__EXERCISE DATA__:
□ □ □ □ □

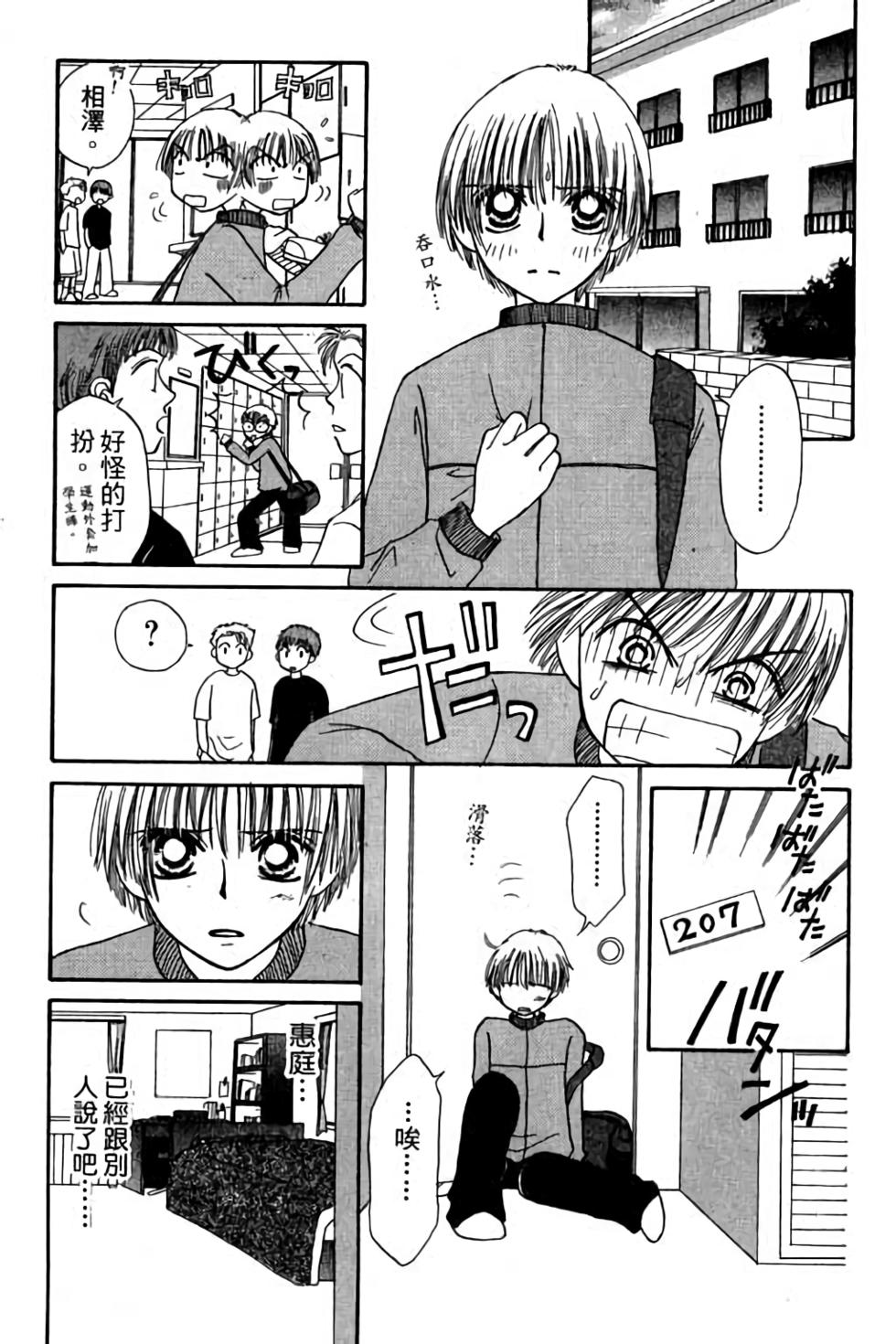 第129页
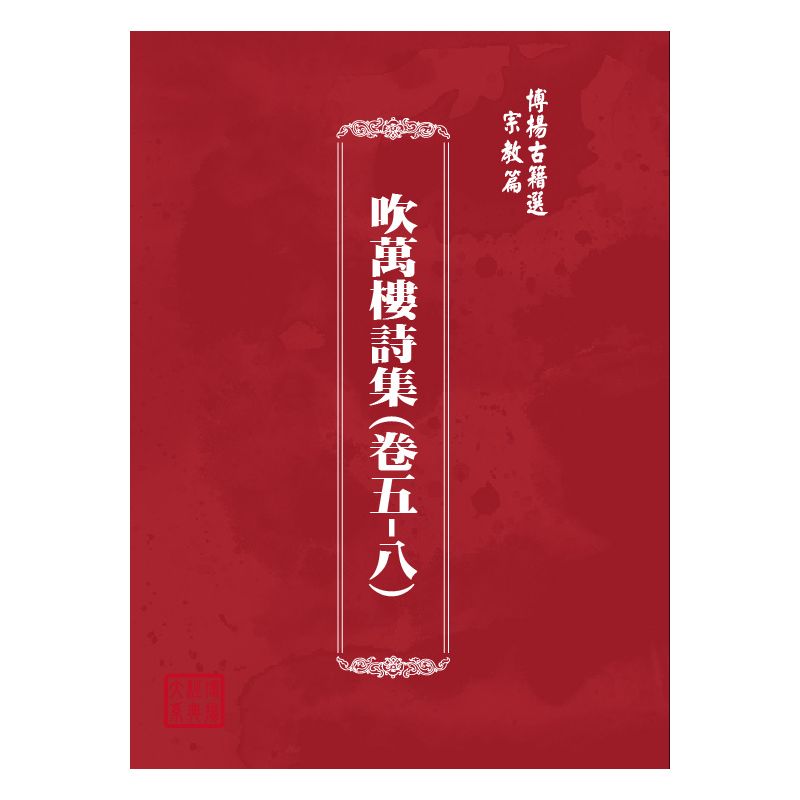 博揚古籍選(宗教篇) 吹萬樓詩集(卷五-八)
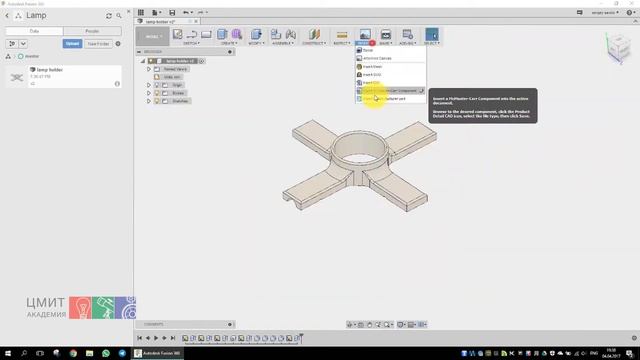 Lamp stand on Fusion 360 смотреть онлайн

□ □ □ □ □

Pictures are to be left out; repeat all the remaining data exactly.

 第129页
 博揚古籍選(宗教篇) 吹萬樓詩集(卷五-八)
 Lamp stand on Fusion 360 смотреть онлайн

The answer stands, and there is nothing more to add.